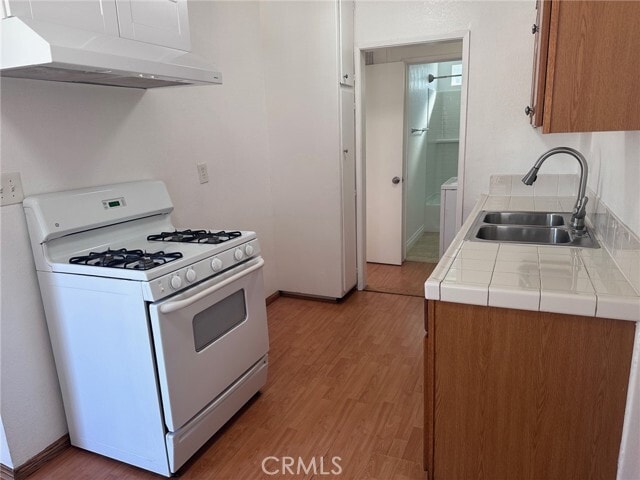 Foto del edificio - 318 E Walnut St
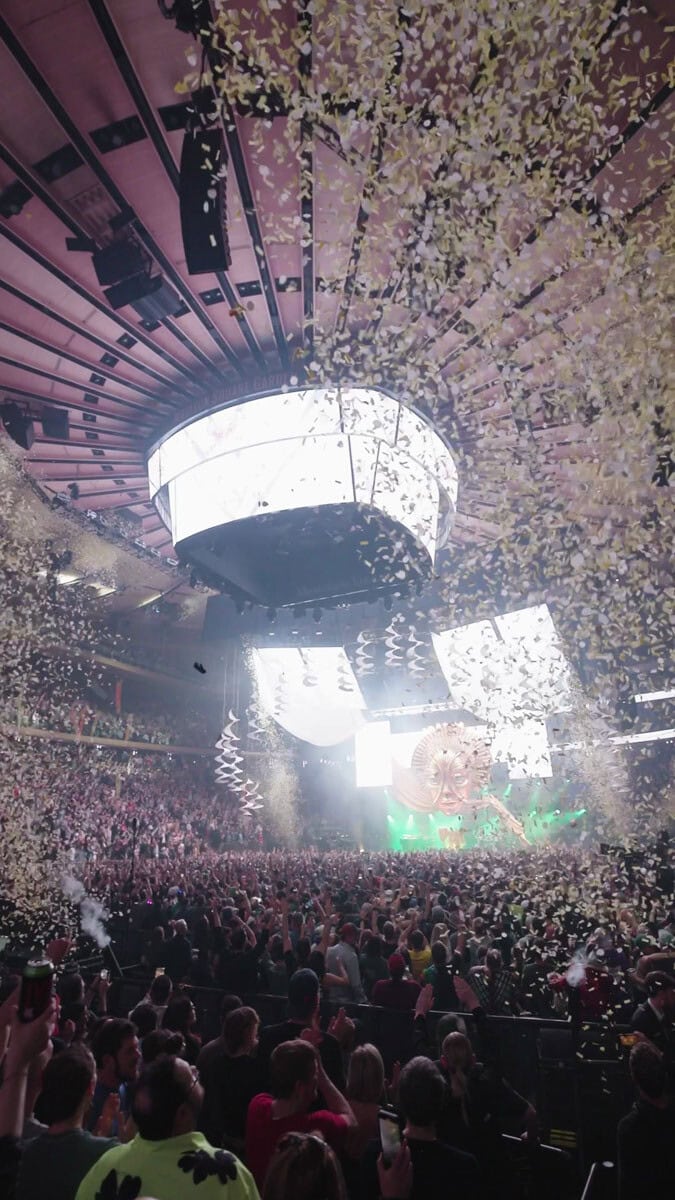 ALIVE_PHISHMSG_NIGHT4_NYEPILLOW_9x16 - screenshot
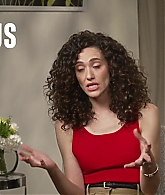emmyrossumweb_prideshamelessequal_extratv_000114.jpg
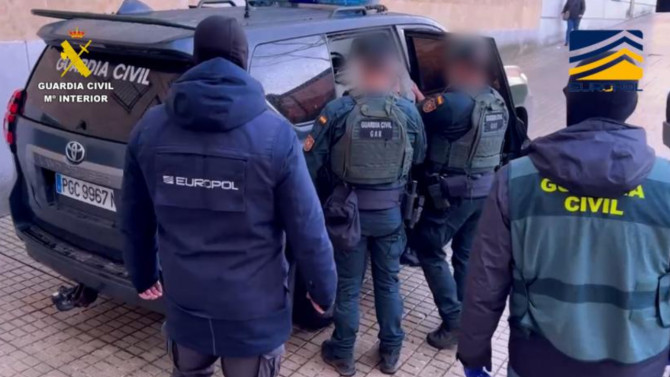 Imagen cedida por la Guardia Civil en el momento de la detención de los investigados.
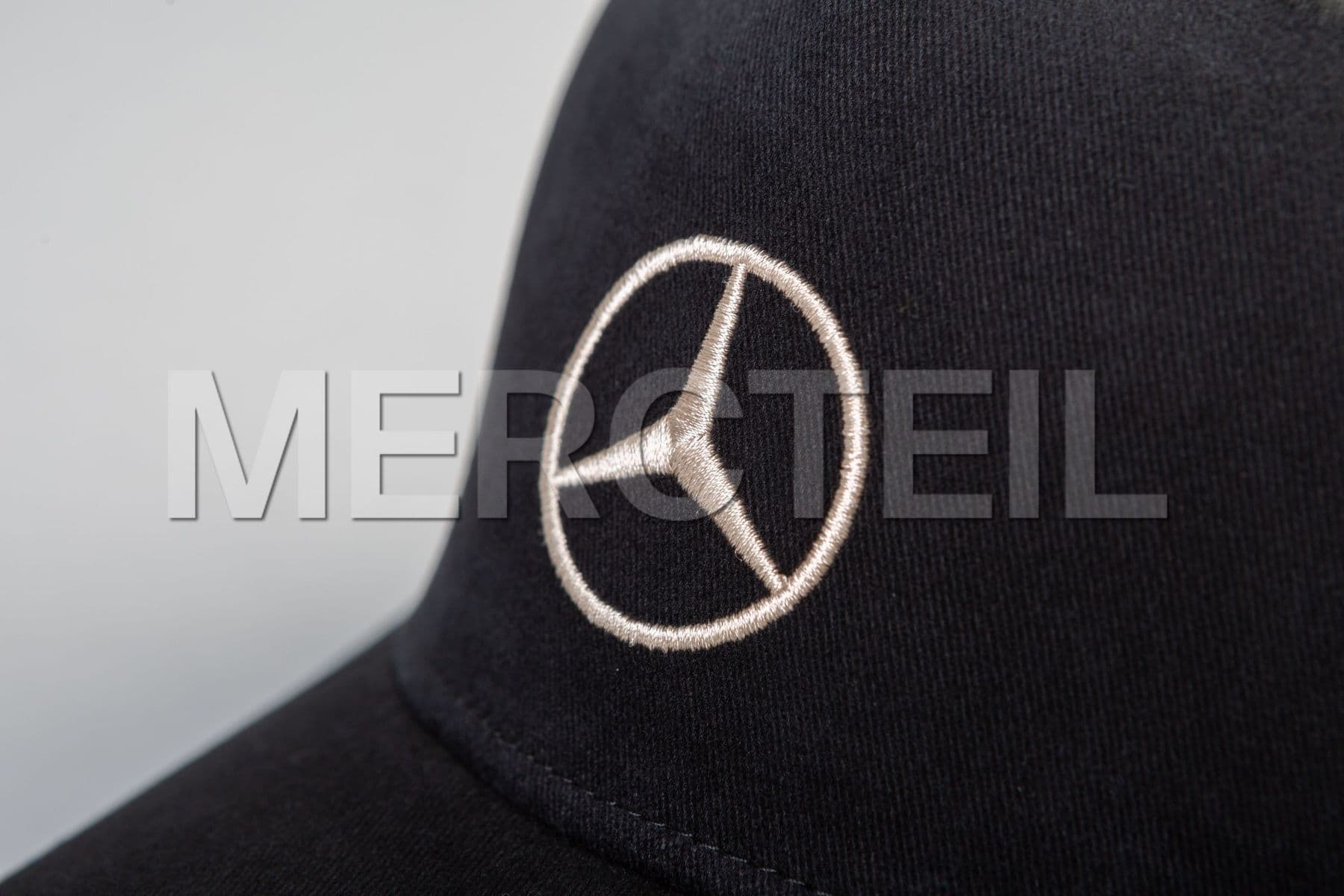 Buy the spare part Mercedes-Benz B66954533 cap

- **Problem requirements**
Word for word, repeat each record above; leave out every picture.

- **Worked solution**
 Foto del edificio - 318 E Walnut St
 ALIVE_PHISHMSG_NIGHT4_NYEPILLOW_9x16 - screenshot
emmyrossumweb_prideshamelessequal_extratv_000114.jpg
 Imagen cedida por la Guardia Civil en el momento de la detención de los investigados.
 Buy the spare part Mercedes-Benz B66954533 cap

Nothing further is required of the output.